Monday, January 22, 2018
A mid-January walk
The weather was warmer today with the sun shining and no rain. Heading down the garden I found that the spurge laurel (Daphne laureola) had opened some of its flowers. The bush appeared here of its own accord and the next nearest example I know of is about 500 metres away in a wood and the plant seems nowhere common in this part of East Sussex.
In Churchland Wood I photographed this single-stemmed hornbeam. These trees are nearly always coppiced, but there are two or three that have been left to grow naturally in the wood and I often wonder why.
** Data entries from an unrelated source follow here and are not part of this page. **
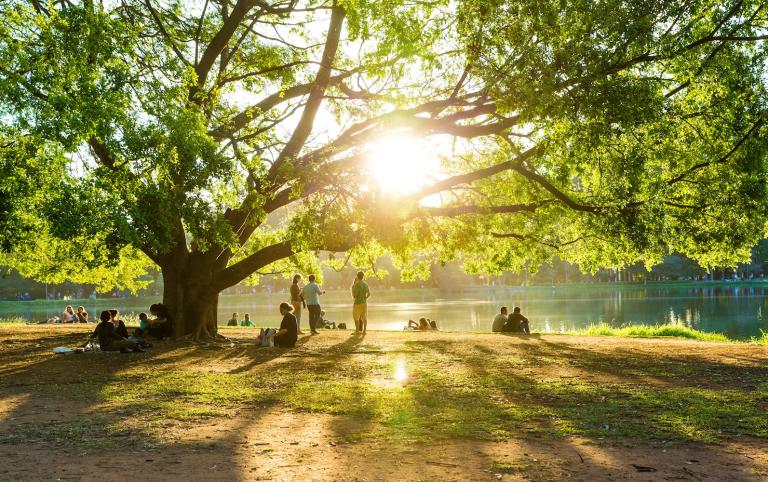 Trees and green spaces make us happier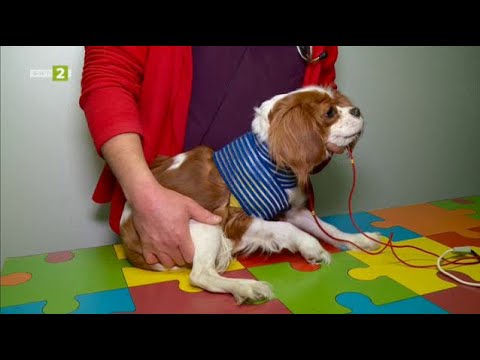 Видео: Има ли място физиотерапията във ветеринарната медицина? Време за губене - 17.02.2024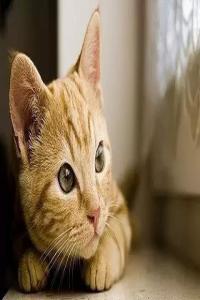 梦见猫是什么预兆 周公解梦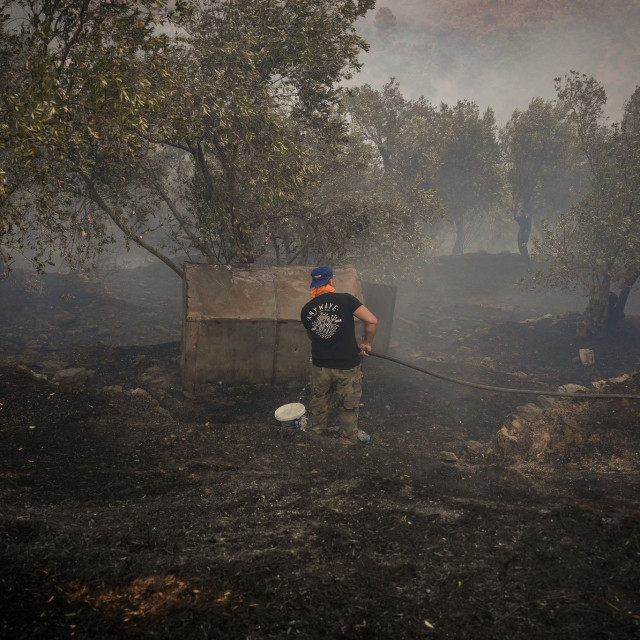 Μυτιλήνη: H φωτιά έκαψε 614 στρέμματα στο Πλωμάρι - Οι κάτοικοι την αποδίδουν σε κολώνα του ΔΕΔΔΗΕ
Maybe there was a use for larger pieces of the wood.
Further down the garden I found our bush of the winter flowering honeysuckle Lonicera x purpusii 'Winter Beauty' and was pleased to discover that the flowers were being attended by a couple of rather dark marmalade flies, Episyrphus balteatus. This very common hoverfly often appears here in the colder months and its presence on the honeysuckle again illustrates how important these winter flowering introductions can be to our native fauna. Lonicera x purpusii is a hybrid between two Chinese species and I wonder what Chinese insects may be attracted to their flowers.
Underneath the trees the green leaves of bluebells are rising through the leaves as a reminder that spring is not far away. Noise levels are increasing too with, today, several great tits calling loudly and a great spotted woodpecker drumming on an oak tree.